To me, however, the Second World War seems recent enough if only because my father participated in it. He never spoke much about the war. Men of that generation tended not to. If he was haunted by demons because of what he experienced or what he saw or the friends he lost, we never really heard about it. He did have the piece of flak he mentioned in the quote above, and we were impressed by it. It made for an exciting story, like something we might see in the movies or on television, but it never really sank in that it was something that had actually trully happened and that he had come so close to winding up as one more casualty of that war. Sixty-eight of 750 B-24’s and B-17’s did not come back from that March 6 mission over Berlin. In the course of the war, the Eighth Air Force suffered some 26,000 casualties—accounting for half of all the Army Air Force casualties and exceeding the number of marine casualties in the Pacific theater. That was certainly more serious stuff than anything I was up to at the age of 24.

B-24 and crew
Richard A. Larson (rear left) and crew in front of their B-24 Liberator

If I was at all nervous about flying to Berlin a couple of weeks ago, mere hours after the terrorist attacks in Brussels, I only had to remind myself that I had it infinitely better than Dad did on his flight to Berlin.

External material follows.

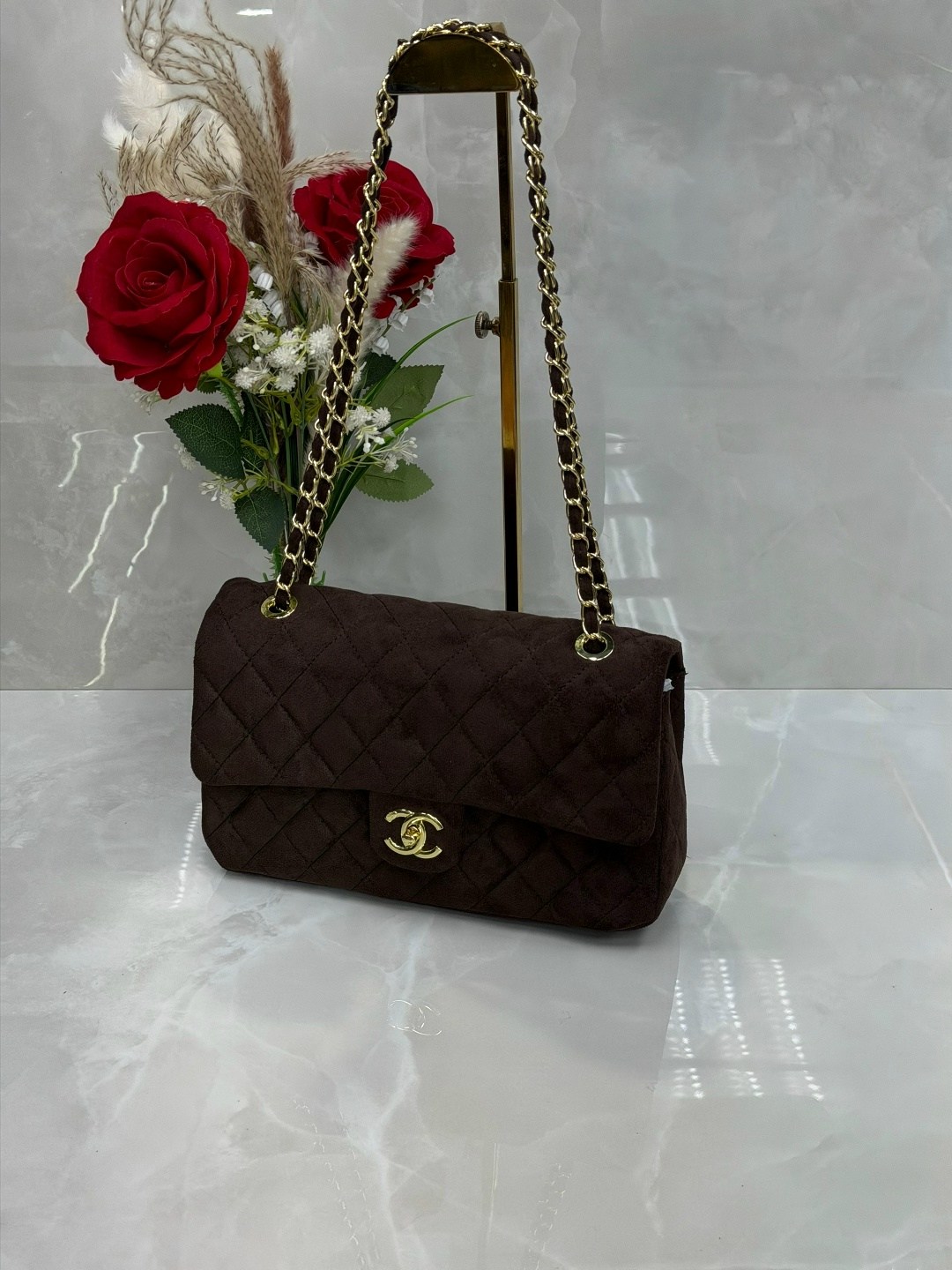 сумка женская chanel,chanel сумка,шанель сумка,сумки для женщин,модная сумка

Making my first visit to Berlin—or, for that matter, to Germany—was strange in that it was the first time in my life that I was in a place that I knew with total certainty that my father had bombed. That knowledge never left my consciousness during the entire visit. Every time (and there were many) that a placard or a person mentioned an important site that had suffered damage during World War II, the question ran through my mind, did Dad drop that one? I thought of the fear that civilians must have felt at the sound of the planes and the bombs. On the other hand, I knew that Dad and the other servicemen had to be pretty scared too. And, as we encountered the legacy of the many horrific atrocities of the Nazi regime, there was some satisfaction in knowing that Dad had played a part in ending it.

Berlin blackout poster
Poster admonishing Berliners to maintain the blackout
in the face of Allied bombing during World War II

Because the man I grew up with had participated in the war, I was also very conscious of how recent all those events were. In the grand scheme of things, World War II was just a moment ago. Centenary observances in Ireland these days are a frequent reminder that a scant century ago the country where I now live was caught up in an armed rebellion that was soon followed by a bloody civil war.

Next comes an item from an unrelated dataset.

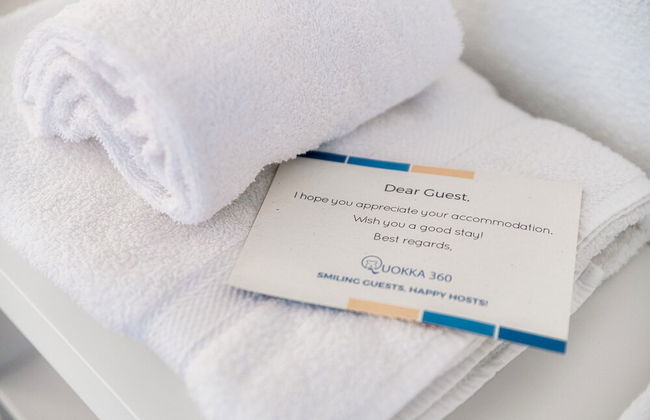 Jolie Bré - Photo 7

In fact, the more time passes, the more I find astounding that history seemed to pivot so dramatically after 1945. As Berlin’s marvelous museums teach us, European history and, indeed, all human history seem to consist of one war after another, punctuated by fitful and temporary periods of relative peace. Yet there has been no widespread conflagration on the scale of the world wars for nearly three-quarters of a century.

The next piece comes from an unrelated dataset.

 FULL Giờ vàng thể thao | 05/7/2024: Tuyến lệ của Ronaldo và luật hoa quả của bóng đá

Has the human race (suddenly and quickly) evolved to the point where the only wars are now small regional ones? Or sporadic attacks against civilians by terrorists who hide in major cities? Have we really become so enlightened that we will never again see the devastation wrought by supposedly civilized nations like that which was launched in 1914 and 1939? Or is it the case, as I sometimes fear, that because people are now living longer and thus generations endure longer, it just takes longer for new generations to forget—or never learn—the lessons of the past?